Des décombres à l’intérieur
Nabil Issa, 45 ans, originaire de la ville d’Aytaroun, n’a pas eu le temps de faire ses adieux à sa maison avant que les bombardements ne la réduisent en ruines. Bien que physiquement indemne et entouré de sa famille, il se sent profondément marqué.
« J’ai l’impression que mon ouïe a changé, ce n’est pas mes oreilles qui sont atteintes, mais ma tête. J’entends les voix comme si elles étaient loin, comme s’il y avait un écart immense entre elles et moi », confie-t-il.
Le silence, pire que le bruit, lui fait craindre une nouvelle attaque. « Le calme m’effraie plus que le tumulte. Quand les sons disparaissent, j’ai l’impression que c’est le prélude d’un autre missile. »
Depuis la fin des bombardements, Nabil est devenu taciturne, souvent distrait. Sa famille a remarqué ce changement, mais il préfère taire ses émotions. « La guerre nous a appris à garder le silence, à porter nos douleurs dans le secret, car personne ne comprend vraiment la profondeur de ce qu’on endure. »
Son anxiété est constante, il ne supporte plus les nouvelles qui ravivent le passé. « Tout me ramène à ces jours : les sons, les analyses, les images. Je me sens encore prisonnier là-bas, incapable de m’en extirper. »
Récemment, conscient de l’ampleur de sa perte, il est retourné à Aytaroun pour voir les restes de sa maison. « J’ai essayé de ressentir quelque chose : tristesse, colère, nostalgie. Mais c’est le vide qui m’envahit, comme si mon cœur était enseveli sous les décombres. »
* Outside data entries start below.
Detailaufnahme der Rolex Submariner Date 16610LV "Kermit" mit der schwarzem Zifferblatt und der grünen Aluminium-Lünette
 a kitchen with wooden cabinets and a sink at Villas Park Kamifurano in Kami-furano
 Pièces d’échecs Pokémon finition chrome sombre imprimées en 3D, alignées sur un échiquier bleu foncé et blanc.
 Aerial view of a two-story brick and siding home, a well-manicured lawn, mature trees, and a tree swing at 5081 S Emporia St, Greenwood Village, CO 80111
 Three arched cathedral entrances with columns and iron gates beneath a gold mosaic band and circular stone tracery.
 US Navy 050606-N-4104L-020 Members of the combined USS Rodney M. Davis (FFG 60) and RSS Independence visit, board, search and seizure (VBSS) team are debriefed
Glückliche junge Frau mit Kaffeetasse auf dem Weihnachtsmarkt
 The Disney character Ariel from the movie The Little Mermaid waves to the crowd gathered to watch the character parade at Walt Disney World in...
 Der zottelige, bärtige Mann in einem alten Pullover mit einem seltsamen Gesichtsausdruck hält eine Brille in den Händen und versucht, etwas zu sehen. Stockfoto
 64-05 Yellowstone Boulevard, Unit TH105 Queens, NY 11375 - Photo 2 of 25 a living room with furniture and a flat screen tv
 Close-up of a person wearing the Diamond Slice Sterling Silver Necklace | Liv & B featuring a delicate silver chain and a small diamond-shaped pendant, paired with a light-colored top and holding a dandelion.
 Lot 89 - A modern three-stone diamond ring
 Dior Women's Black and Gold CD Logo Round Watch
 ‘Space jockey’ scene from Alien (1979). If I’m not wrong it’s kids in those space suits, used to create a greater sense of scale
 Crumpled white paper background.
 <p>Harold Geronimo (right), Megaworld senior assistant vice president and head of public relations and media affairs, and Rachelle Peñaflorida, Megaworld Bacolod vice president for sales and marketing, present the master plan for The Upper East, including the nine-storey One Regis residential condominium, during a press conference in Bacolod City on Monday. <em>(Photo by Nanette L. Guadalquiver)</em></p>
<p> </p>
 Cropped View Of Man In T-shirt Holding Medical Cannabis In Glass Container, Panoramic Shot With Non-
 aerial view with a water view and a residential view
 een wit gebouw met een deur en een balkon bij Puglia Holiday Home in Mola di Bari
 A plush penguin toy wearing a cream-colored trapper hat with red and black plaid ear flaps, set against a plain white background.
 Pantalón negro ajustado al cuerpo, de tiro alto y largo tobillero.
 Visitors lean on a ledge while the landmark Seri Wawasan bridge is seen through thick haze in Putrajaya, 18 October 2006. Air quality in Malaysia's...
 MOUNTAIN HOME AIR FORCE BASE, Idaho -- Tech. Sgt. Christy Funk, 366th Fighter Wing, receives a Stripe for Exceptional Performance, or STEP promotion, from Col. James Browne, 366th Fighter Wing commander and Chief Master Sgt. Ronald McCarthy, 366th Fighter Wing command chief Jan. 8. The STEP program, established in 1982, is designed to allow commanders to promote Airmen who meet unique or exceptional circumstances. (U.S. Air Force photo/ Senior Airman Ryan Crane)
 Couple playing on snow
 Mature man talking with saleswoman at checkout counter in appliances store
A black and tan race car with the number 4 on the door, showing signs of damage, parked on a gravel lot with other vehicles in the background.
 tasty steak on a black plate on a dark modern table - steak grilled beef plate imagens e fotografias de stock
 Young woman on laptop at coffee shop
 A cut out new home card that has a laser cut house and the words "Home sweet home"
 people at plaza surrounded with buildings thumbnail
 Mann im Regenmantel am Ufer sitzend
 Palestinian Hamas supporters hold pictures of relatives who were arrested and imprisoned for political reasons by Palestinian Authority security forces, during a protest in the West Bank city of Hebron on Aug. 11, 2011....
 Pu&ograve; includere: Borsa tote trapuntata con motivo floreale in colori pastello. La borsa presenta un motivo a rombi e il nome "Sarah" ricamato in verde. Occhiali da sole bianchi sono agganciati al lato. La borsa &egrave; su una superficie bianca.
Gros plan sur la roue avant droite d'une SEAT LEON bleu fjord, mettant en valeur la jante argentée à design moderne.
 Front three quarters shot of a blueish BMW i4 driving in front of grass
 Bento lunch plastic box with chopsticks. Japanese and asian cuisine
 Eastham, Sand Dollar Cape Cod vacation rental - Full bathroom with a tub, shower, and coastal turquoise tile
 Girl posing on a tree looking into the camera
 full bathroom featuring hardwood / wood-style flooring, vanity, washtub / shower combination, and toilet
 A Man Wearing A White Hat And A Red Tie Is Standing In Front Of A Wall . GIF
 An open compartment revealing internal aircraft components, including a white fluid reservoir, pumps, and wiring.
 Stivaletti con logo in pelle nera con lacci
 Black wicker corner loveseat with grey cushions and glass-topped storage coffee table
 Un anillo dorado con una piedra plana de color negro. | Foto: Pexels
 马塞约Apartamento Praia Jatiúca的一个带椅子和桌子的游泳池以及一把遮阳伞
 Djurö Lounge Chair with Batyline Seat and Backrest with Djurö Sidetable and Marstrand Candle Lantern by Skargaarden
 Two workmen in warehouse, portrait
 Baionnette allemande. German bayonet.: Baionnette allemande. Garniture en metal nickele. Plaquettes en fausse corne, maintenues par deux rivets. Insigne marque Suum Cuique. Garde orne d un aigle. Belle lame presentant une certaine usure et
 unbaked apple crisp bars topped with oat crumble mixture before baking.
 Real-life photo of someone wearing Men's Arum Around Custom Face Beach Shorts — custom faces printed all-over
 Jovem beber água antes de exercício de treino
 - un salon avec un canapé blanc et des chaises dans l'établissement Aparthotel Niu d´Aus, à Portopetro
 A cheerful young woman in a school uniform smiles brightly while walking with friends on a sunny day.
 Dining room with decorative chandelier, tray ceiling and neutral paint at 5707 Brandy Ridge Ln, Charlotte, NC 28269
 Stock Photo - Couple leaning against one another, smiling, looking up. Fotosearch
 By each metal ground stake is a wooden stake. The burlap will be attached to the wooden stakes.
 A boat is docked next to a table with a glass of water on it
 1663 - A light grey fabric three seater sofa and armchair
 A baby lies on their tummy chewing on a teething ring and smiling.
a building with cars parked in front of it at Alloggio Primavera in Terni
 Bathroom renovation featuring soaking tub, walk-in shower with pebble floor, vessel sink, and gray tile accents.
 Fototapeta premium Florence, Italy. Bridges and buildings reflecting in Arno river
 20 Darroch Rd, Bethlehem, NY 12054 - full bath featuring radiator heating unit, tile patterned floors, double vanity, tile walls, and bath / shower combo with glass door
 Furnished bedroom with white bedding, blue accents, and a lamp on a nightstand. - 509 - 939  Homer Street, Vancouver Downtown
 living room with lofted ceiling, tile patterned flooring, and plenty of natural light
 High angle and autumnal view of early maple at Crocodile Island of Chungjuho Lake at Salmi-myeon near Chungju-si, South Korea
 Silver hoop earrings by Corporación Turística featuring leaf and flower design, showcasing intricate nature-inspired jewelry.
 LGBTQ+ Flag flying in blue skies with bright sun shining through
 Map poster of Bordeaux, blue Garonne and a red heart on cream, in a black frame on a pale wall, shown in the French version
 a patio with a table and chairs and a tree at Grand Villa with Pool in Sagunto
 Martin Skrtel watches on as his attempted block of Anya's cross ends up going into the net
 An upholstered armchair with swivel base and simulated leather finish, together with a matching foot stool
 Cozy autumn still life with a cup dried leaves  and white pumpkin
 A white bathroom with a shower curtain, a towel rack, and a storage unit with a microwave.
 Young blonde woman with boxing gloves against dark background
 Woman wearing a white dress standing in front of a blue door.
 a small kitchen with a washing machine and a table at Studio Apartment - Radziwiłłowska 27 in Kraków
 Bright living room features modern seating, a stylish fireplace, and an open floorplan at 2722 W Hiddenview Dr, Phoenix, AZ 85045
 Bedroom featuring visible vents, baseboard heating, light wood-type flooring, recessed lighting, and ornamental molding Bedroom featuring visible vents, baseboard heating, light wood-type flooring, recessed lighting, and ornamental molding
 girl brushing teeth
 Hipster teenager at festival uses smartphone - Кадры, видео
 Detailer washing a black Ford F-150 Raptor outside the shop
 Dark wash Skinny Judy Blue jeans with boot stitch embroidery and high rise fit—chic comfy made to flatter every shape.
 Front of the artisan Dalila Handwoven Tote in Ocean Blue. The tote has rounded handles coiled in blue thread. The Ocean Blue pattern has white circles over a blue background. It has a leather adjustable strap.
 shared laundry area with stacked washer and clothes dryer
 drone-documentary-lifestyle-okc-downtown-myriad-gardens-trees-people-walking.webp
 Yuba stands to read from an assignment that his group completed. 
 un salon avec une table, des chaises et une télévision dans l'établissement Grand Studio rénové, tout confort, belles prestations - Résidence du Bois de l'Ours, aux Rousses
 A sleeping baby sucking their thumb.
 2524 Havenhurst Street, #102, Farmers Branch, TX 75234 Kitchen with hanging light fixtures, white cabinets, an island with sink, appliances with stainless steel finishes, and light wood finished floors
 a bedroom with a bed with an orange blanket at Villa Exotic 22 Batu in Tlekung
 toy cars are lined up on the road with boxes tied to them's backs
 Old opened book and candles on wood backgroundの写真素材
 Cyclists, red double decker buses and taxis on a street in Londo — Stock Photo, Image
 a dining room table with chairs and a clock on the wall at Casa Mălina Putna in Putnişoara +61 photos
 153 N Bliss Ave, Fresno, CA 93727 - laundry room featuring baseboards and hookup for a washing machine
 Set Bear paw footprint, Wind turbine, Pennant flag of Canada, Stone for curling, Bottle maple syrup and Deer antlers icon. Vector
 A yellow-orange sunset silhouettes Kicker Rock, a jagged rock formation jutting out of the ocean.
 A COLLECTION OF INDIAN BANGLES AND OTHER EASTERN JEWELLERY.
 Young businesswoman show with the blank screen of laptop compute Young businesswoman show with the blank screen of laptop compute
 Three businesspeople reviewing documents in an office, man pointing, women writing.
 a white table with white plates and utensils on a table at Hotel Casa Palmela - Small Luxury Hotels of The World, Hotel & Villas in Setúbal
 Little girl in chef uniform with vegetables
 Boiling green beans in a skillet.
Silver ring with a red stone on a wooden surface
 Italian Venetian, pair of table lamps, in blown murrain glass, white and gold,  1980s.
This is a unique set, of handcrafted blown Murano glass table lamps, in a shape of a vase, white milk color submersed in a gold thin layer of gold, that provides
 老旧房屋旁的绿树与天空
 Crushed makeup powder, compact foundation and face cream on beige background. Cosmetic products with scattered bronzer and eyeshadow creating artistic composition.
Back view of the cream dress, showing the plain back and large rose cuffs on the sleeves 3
Il conclut avec un appel poignant : « Je ne demande pas grand-chose, juste une nuit sans entendre les bombardements, ou courir pieds nus dans la rue en cherchant mes enfants. » Puis il ajoute : « Nous pensions que la guerre s’achève avec la fin des missiles. Nous nous trompions : une autre guerre commence après le cessez-le-feu. »
Un soutien psychologique essentiel
Nawal Mahmoud, présidente de l’association « Hanaa pour le développement » au Liban, souligne l’importance cruciale du soutien psychologique pour les familles déplacées du sud du Liban, en particulier pour les enfants traumatisés.
L’association a mené plusieurs activités dans le cadre d’un programme de soutien psychologique et social destiné à aider les enfants et les familles à surmonter leur traumatisme et à s’adapter aux conditions difficiles du déplacement.
Selon Nawal Mahmoud, les crises psychologiques profondes, telles que la panique et la perte des proches, affectent non seulement la santé mentale mais aussi les relations sociales. Ces effets se manifestent par :
- une tendance à l’isolement social,
- des difficultés de communication,
- des troubles physiques comme les troubles du sommeil, des problèmes digestifs et des difficultés respiratoires.
Les activités de soutien ont contribué à renforcer la santé mentale des déplacés et des communautés d’accueil. Certains bénéficiaires sont même devenus des leaders et bénévoles au sein de l’association, apportant à leur tour un appui à d’autres et développant leur résilience face aux défis.
Pour Nawal Mahmoud, ces programmes doivent être intégrés dans les plans de reconstruction et de développement, car les traumatismes psychologiques, particulièrement chez les enfants et les personnes en situation de handicap, laissent des séquelles durables qui exigent une prise en compte sérieuse dans l’élaboration des politiques futures.
Elle insiste sur le rôle vital des actions de soutien psychologique pour aider les individus à s’adapter aux défis et à réussir leur reconstruction personnelle.